Today, in a move aimed at bringing newer and younger depositors to the bank, JPMorgan Chase and Co. has announced the launch of Finn — a new smartphone app designed to allow users to open a bank account, make deposits, issue checks, track spending and set up savings plans all in one place.
According to bank officials talking to Reuters, Finn debit cards will come by mail for access to cash from 29,000 ATMs. The first tests of the new app will be for Apple users in the greater St. Louis area, where Chase currently has no branches.
Chase, with $2.56 trillion in assets, is the largest bank in the U.S. and hopes to grow larger, aided by Finn, as it rolls out to other U.S. cities and Android phone owners later this year — when mobile enrollment opens up for standard checking and savings accounts.
“Finn lets us reach new customers and new markets,” Thasunda Duckett, chief executive of Chase Consumer Banking, said in an interview. The app account, she said, “was built by millennials for millennials.”
Apart from being a tool to woo younger and hotly competed-for consumers, the new app will also give Chase an idea of how far the bank’s consumer deposit business can travel beyond the 23 states where it has branches.

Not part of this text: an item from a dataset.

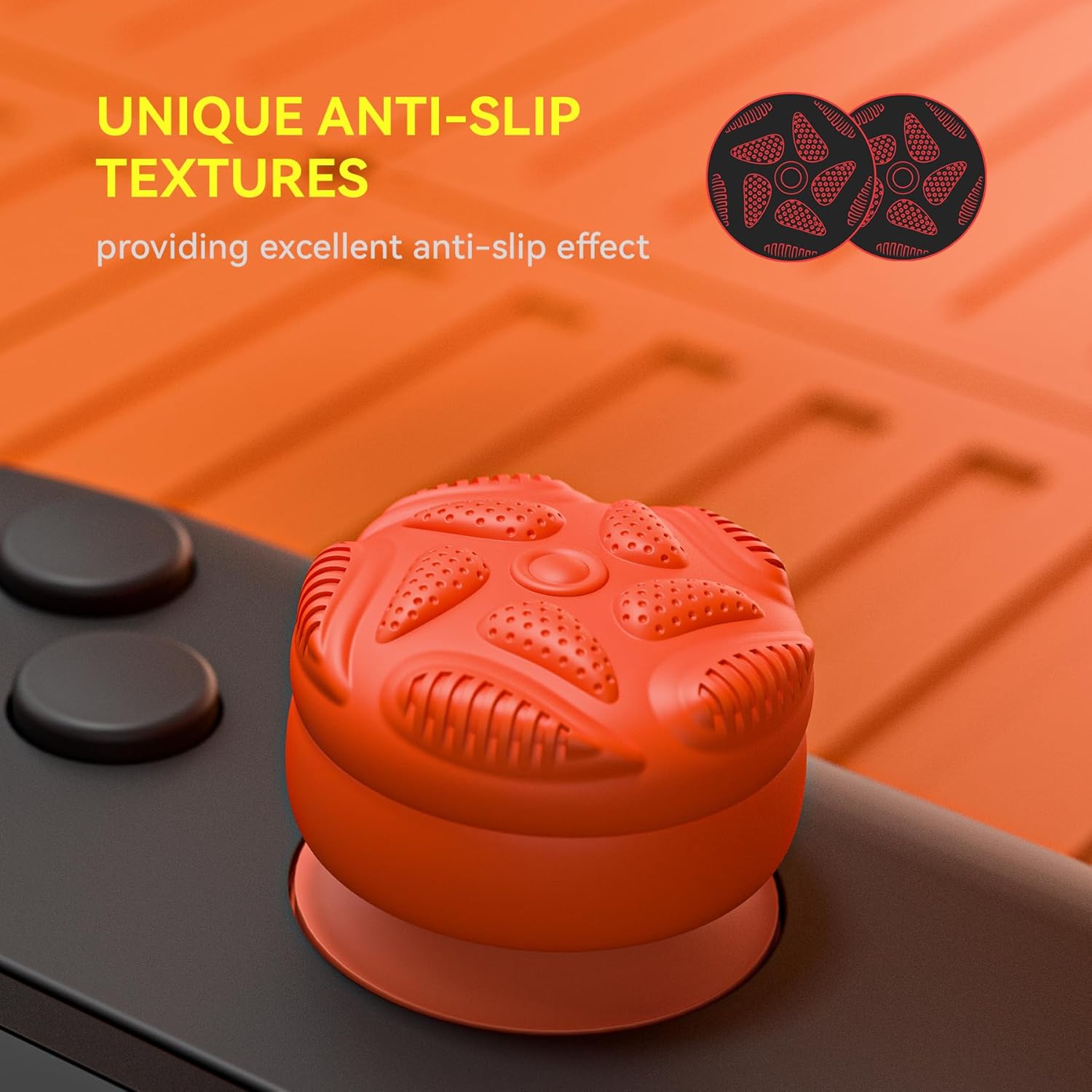 Thumbnail 5 de Switch 2 thumb grips 4-pack, 7.5mm cushions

CEO Jamie Dimon has repeatedly postponed his years-long dream to expand into new states, as it would be costly, require approval of regulators and could be especially risky when people use branches less often. And Chase can’t buy its way to more depositors, because at its current size, regulators would likely get a good chuckle before firmly saying no.
Duckett’s team developed the Finn app after interviews with about 250 potential millennial customers. Those interviews led the mobile app to be developed around making controlling spending simpler and more intuitive.
About two-thirds of Chase customers continue to visit branches at least once every three months. “This is for a different set of customers,” said Melissa Feldsher, head of Finn.
Reports indicated that JPMorgan designed Finn from scratch, without relying on what FinTech companies have created.
“We always look at what is going on, but we led with what customers were telling us,” Duckett said.
JPMorgan did use outside firms, as it has developed applications for auto, mortgage and small business lending.